┌────────
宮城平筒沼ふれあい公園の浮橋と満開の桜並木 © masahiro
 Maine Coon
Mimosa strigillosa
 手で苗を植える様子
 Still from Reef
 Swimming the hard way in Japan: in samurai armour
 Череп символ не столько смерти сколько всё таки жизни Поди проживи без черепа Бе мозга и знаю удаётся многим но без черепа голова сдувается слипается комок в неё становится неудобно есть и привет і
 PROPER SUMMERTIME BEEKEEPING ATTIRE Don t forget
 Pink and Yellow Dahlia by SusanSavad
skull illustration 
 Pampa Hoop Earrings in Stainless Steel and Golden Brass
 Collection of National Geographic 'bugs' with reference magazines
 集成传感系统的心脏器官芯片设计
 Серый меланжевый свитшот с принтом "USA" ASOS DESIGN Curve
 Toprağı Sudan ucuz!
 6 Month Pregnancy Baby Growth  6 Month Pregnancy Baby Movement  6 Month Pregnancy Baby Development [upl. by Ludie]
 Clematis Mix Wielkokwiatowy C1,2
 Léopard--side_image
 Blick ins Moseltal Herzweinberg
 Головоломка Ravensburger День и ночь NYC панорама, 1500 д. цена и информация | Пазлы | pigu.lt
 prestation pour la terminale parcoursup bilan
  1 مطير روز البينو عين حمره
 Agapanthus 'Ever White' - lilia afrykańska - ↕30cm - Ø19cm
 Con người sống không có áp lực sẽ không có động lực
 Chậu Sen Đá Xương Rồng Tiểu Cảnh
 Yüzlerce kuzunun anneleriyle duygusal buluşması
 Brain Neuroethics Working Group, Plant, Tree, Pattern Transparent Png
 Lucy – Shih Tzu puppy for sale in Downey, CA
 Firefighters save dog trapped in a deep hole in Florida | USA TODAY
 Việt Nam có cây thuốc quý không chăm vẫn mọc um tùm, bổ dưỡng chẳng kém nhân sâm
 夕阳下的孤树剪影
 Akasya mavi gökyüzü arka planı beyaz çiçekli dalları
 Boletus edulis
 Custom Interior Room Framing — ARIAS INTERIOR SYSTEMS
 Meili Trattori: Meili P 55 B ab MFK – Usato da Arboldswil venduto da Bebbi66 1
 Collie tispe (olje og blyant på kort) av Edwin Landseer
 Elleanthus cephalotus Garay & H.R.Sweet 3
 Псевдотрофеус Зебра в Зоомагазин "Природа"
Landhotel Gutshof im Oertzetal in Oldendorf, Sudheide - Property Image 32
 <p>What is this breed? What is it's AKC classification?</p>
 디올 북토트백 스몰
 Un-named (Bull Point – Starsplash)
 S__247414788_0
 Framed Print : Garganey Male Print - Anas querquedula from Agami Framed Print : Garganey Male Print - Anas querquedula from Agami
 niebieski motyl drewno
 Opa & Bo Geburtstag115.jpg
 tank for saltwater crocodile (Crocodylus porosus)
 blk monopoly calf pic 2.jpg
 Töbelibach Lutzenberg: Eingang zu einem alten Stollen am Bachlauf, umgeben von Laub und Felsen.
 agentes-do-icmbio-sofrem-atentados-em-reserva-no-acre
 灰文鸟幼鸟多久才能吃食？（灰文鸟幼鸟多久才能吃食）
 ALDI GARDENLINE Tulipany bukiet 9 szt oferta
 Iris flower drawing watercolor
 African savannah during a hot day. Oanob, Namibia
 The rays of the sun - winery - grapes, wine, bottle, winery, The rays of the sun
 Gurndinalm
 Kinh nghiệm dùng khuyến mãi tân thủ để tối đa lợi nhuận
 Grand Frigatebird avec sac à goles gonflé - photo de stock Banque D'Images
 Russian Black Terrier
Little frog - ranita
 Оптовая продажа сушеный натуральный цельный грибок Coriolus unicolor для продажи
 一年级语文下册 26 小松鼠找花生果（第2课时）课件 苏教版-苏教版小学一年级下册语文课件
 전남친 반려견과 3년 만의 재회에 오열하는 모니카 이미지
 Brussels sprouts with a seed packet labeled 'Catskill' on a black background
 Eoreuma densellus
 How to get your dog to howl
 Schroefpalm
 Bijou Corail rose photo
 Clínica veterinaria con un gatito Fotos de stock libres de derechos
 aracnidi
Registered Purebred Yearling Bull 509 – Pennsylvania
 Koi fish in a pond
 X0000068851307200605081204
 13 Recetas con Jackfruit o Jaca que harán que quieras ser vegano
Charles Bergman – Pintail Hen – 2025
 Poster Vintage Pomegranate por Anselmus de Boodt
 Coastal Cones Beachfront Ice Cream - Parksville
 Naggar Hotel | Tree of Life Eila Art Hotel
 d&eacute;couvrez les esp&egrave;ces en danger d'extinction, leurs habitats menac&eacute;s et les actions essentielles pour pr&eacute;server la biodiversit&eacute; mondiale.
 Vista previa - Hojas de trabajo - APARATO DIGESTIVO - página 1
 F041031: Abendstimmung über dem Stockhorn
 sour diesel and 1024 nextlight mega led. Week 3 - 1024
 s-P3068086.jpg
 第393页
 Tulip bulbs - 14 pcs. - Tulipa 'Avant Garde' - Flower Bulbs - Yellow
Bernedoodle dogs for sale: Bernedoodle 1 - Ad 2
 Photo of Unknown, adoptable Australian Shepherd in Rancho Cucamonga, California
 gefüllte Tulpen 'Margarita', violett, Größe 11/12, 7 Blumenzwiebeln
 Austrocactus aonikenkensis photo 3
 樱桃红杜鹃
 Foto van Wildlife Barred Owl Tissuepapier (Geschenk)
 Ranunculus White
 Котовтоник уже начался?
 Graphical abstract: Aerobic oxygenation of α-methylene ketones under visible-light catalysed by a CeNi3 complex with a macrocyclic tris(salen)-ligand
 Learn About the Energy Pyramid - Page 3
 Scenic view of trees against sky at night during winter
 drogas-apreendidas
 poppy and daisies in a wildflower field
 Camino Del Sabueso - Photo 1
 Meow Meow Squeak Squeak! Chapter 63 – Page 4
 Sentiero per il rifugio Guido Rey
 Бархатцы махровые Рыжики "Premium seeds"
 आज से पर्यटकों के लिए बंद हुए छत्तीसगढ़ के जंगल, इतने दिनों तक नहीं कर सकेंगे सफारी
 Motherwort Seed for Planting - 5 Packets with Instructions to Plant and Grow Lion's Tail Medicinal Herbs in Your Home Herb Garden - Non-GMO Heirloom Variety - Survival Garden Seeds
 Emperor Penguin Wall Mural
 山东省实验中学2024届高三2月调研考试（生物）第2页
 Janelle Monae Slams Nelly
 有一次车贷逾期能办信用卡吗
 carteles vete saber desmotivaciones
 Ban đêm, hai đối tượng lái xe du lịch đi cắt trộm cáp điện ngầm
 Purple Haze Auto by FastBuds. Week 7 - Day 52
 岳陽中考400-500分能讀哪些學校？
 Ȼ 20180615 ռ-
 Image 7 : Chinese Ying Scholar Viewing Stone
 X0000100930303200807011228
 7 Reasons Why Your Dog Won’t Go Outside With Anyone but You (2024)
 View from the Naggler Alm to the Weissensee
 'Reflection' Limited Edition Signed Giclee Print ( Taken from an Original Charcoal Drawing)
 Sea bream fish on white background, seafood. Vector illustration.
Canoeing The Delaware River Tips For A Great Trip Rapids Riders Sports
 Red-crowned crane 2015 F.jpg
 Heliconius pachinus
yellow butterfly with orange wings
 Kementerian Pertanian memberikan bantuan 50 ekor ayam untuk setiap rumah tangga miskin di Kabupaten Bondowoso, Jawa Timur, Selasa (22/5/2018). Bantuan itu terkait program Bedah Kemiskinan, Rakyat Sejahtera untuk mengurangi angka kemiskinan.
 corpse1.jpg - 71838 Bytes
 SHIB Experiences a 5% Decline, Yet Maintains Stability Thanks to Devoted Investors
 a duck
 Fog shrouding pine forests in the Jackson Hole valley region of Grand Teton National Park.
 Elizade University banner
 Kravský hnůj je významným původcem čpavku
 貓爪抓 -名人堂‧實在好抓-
└────────
The required answer is the run of lines above, starting at the line with "Opa & Bo Geburtstag115.jpg" and ending at the line with "Kinh nghiệm dùng", reproduced exactly with both ends.

 Opa & Bo Geburtstag115.jpg
 tank for saltwater crocodile (Crocodylus porosus)
 blk monopoly calf pic 2.jpg
 Töbelibach Lutzenberg: Eingang zu einem alten Stollen am Bachlauf, umgeben von Laub und Felsen.
 agentes-do-icmbio-sofrem-atentados-em-reserva-no-acre
 灰文鸟幼鸟多久才能吃食？（灰文鸟幼鸟多久才能吃食）
 ALDI GARDENLINE Tulipany bukiet 9 szt oferta
 Iris flower drawing watercolor
 African savannah during a hot day. Oanob, Namibia
 The rays of the sun - winery - grapes, wine, bottle, winery, The rays of the sun
 Gurndinalm
 Kinh nghiệm dùng khuyến mãi tân thủ để tối đa lợi nhuận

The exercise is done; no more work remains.